As some of you know, I recently spent two weeks in Ethiopia with Mudula Water
visiting projects and delivering medical supplies to rural health centers in the Kembata-Tembaro region. I also got to visit the midwives-in-training from Mudula, one of whom Acupuncture Denver is sponsoring for the next four years. It was my second trip to Ethiopia but the first time I got to really spend time getting to know people and places more intimately. I was also able to meet our new son and take steps to finally bring him home. Having started our second adoption process over three years ago, things finally fell into place just before I went on the trip. The way things unfolded with that process was quite serendipitous, but that's a whole other story. What really struck me about my recent time in Ethiopia was how much pure goodness is born out of the care and concern of just one or a few people who have made a commitment to empowering folks who have been voiceless or forgotten by most of the world. My heart was broken open as I witnessed the power of this goodness and love in places where you would expect to be struck by pain and suffering instead.

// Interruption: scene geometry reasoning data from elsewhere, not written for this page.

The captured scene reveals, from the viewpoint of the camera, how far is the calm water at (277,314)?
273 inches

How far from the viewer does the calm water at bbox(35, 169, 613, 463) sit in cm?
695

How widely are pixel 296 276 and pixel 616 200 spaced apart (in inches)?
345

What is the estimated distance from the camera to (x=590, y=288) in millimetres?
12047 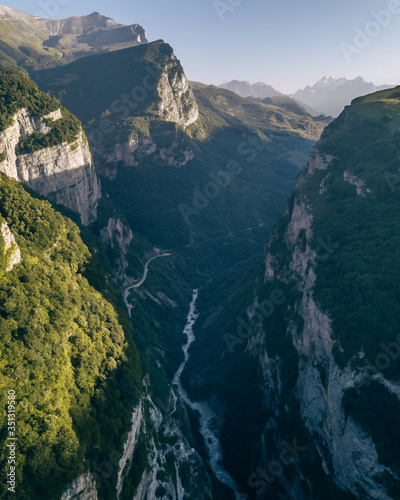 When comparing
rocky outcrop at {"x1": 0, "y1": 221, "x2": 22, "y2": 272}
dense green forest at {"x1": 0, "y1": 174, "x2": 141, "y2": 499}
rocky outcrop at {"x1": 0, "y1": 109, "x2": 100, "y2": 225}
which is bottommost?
dense green forest at {"x1": 0, "y1": 174, "x2": 141, "y2": 499}

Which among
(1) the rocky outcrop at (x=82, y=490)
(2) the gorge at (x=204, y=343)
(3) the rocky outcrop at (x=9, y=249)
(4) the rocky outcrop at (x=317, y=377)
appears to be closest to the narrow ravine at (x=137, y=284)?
(2) the gorge at (x=204, y=343)

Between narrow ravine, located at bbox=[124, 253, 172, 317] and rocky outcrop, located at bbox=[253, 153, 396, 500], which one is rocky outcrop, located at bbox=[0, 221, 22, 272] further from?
rocky outcrop, located at bbox=[253, 153, 396, 500]

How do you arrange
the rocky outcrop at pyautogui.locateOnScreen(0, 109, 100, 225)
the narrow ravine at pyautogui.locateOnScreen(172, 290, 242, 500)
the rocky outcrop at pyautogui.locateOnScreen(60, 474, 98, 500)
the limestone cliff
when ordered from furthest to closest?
the rocky outcrop at pyautogui.locateOnScreen(0, 109, 100, 225)
the narrow ravine at pyautogui.locateOnScreen(172, 290, 242, 500)
the limestone cliff
the rocky outcrop at pyautogui.locateOnScreen(60, 474, 98, 500)

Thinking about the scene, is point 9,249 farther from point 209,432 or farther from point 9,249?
point 209,432

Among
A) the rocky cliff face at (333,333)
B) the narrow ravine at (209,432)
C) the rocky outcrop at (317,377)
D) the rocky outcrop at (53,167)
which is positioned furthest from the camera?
the rocky outcrop at (53,167)

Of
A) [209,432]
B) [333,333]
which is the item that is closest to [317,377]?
[333,333]

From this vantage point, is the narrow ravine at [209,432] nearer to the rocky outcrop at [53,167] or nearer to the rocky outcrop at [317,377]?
the rocky outcrop at [317,377]

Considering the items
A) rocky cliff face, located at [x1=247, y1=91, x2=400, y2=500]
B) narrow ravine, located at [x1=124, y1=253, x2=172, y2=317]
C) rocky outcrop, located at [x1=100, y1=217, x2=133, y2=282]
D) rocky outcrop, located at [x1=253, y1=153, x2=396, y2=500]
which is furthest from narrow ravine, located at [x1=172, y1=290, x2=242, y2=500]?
rocky outcrop, located at [x1=100, y1=217, x2=133, y2=282] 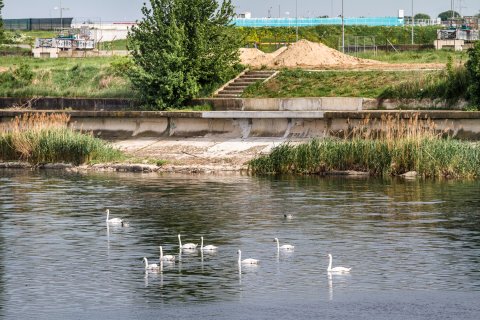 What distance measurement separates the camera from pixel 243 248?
30.7 metres

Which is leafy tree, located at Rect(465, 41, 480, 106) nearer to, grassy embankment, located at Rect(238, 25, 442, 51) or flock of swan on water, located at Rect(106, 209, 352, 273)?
flock of swan on water, located at Rect(106, 209, 352, 273)

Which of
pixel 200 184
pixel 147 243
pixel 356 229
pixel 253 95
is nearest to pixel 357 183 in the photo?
pixel 200 184

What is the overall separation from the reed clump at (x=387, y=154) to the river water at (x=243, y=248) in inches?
44.9

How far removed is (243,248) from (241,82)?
32575 millimetres

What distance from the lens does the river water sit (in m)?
24.6

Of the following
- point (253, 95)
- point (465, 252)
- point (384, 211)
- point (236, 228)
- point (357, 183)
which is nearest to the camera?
point (465, 252)

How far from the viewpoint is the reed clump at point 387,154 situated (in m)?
44.0

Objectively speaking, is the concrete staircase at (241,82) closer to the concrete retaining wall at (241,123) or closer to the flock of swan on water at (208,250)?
the concrete retaining wall at (241,123)

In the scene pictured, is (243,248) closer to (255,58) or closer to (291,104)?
(291,104)

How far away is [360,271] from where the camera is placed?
2767 cm

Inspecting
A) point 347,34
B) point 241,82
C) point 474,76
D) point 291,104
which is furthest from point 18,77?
point 347,34

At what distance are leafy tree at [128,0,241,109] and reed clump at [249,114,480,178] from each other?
11661mm

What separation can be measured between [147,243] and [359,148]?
1526cm

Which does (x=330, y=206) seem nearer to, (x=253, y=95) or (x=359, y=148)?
(x=359, y=148) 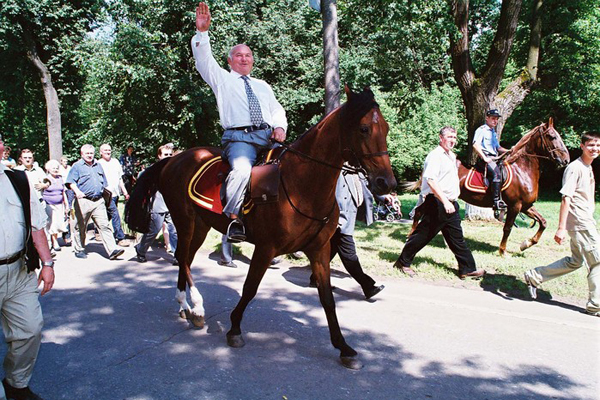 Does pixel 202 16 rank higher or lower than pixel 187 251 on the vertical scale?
higher

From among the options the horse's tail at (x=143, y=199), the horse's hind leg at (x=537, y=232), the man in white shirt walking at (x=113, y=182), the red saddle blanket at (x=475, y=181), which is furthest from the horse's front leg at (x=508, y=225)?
the man in white shirt walking at (x=113, y=182)

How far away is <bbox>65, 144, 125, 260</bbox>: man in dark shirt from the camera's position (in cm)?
830

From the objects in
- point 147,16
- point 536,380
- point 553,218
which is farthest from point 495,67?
point 147,16

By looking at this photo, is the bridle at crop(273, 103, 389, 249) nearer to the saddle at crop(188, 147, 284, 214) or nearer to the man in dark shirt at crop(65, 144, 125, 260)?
the saddle at crop(188, 147, 284, 214)

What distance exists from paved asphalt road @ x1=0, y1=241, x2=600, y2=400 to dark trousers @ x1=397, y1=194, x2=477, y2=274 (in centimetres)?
57

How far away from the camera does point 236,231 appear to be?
4270 mm

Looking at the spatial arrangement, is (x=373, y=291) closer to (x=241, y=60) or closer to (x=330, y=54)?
(x=241, y=60)

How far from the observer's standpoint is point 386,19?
11797 millimetres

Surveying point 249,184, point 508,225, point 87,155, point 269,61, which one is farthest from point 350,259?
point 269,61

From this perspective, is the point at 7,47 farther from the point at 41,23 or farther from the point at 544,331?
the point at 544,331

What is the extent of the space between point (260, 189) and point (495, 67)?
9396 millimetres

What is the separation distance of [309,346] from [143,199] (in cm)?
306

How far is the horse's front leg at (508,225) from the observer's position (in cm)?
845

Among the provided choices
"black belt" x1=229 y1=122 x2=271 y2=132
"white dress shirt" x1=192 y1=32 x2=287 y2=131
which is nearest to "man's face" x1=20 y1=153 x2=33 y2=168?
"white dress shirt" x1=192 y1=32 x2=287 y2=131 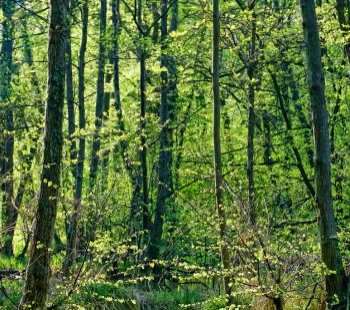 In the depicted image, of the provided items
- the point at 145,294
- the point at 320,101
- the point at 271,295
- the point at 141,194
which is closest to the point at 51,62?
the point at 320,101

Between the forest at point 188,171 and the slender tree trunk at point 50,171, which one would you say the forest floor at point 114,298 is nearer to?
the forest at point 188,171

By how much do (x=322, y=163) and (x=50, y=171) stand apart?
3.48 meters

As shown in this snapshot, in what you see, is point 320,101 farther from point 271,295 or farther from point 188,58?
point 188,58

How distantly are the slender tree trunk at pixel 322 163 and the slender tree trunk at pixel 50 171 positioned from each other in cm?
320

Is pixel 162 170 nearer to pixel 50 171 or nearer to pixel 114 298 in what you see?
pixel 114 298

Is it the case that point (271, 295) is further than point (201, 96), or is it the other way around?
point (201, 96)

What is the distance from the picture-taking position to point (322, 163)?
25.8 ft

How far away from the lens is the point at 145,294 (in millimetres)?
11336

I was moved by the beauty of people who can now recognize how worthy they are, despite the suffering and injustice they may have experienced, because someone else cared enough to stand up for them, fight for them, and give them a voice again.
One of the most moving experiences of the trip (and my life) was visiting the women's self help groups, sponsored by Children's Home Society and Family Services
in the towns of Hosanna and Mudula. Women who join these groups come together regularly to make and sell handiwork and also learn about life skills like health, hygiene, the importance of prenatal care and getting to a clinic when in labor, saving money, legal rights, and how to participate in the local economy. Not only did the women in the group learn a lot of practical skills, but they also spoke of being part of a community now where everyone cares for each other and helps each other. They spoke of being freed from living a life where they were "hidden away in the kitchens" so they could now "come out into the light." They carried themselves with pride and spoke their mind. They sang to us.

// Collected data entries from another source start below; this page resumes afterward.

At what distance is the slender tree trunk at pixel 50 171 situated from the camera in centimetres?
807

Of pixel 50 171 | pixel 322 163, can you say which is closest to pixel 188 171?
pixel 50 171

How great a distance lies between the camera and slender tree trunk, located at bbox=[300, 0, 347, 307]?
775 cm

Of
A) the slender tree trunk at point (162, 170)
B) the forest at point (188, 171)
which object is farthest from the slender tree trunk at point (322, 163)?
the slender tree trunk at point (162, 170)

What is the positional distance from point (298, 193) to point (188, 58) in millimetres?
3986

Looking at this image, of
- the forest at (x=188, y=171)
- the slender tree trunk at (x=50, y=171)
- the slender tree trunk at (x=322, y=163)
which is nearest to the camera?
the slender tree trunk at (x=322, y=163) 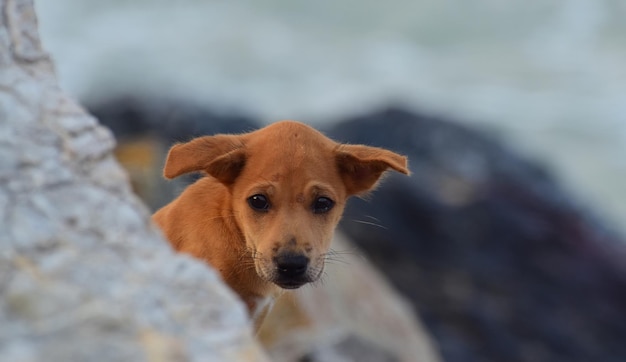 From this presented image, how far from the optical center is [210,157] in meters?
5.31

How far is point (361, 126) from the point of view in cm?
2000

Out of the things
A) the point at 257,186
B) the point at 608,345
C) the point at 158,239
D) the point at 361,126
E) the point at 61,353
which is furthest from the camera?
the point at 361,126

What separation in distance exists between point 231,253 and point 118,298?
2598 mm

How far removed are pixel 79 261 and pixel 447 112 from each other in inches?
848

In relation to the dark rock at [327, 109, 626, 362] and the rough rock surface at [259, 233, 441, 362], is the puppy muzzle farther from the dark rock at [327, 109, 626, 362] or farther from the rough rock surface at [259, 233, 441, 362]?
the dark rock at [327, 109, 626, 362]

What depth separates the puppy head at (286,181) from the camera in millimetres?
5066

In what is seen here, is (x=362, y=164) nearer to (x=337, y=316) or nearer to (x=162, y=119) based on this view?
(x=337, y=316)

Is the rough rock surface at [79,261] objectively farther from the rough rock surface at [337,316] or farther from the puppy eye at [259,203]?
the rough rock surface at [337,316]

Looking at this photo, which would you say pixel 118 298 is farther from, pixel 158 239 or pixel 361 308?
pixel 361 308

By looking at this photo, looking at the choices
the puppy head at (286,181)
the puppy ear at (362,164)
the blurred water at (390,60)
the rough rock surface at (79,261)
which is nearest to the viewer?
the rough rock surface at (79,261)

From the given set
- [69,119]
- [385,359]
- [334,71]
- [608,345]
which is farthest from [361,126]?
[69,119]

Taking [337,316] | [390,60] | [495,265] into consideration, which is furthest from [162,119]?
[390,60]

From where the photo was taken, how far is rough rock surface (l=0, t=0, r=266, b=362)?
9.05 feet

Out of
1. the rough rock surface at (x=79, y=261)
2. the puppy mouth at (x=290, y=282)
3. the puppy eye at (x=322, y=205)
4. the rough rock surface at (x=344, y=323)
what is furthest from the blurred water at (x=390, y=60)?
the rough rock surface at (x=79, y=261) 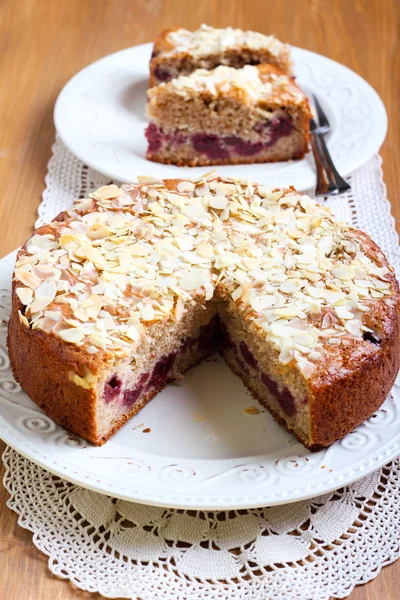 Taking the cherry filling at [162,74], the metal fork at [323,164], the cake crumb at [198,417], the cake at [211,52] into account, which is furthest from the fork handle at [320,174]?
the cake crumb at [198,417]

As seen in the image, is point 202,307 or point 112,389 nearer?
point 112,389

When we entered one of the large halls where the women gathered in Mudula to meet with us, the power in that space blew us away. Most of us women in the travel group on are adoptive moms with kids from the Mudula area. We were overcome with emotion as we were sung into the room and looked out into the sea of beautiful faces, faces that looked back at us with the eyes of our own children. It is hard to describe what happened in that room, but it was nothing short of a spiritual epiphany for me and many in our group. When my friends (the other adoptive moms with kids from this area) stood up to share how it felt to parent our kids and how grateful we were to be there, I was reduced to full-blown weeping. As reserved as Ethiopian women are, even some of them were weeping and there was a lot of tongue clicking and hands-on-hearts (a physical expression there of heartfelt emotion). It felt somehow redeeming to openly weep in front of these women, the ancestors from whom our children have come, for what has been lost and yet what has also been gained when we come together as human beings with a shared love and concern. When you parent a child who has lost so much at such a young age, somehow that loss becomes your loss and you feel a longing to connect with the family and roots that has been severed. This experience, along with my experiences with my son's birth mother reaffirmed in my heart that these roots are never really severed and that nourishing these connections feeds not only our children's souls, but our own. This family becomes not just their first family, but ours. I know that at least for me, I walked out of that room in Mudula feeling like I had been blessed by my heart-sisters and connected to an ancestral lineage of strength, power and survival that now I can see every time I look into my own son's eyes. His people are my people. And for this I am so grateful and proud.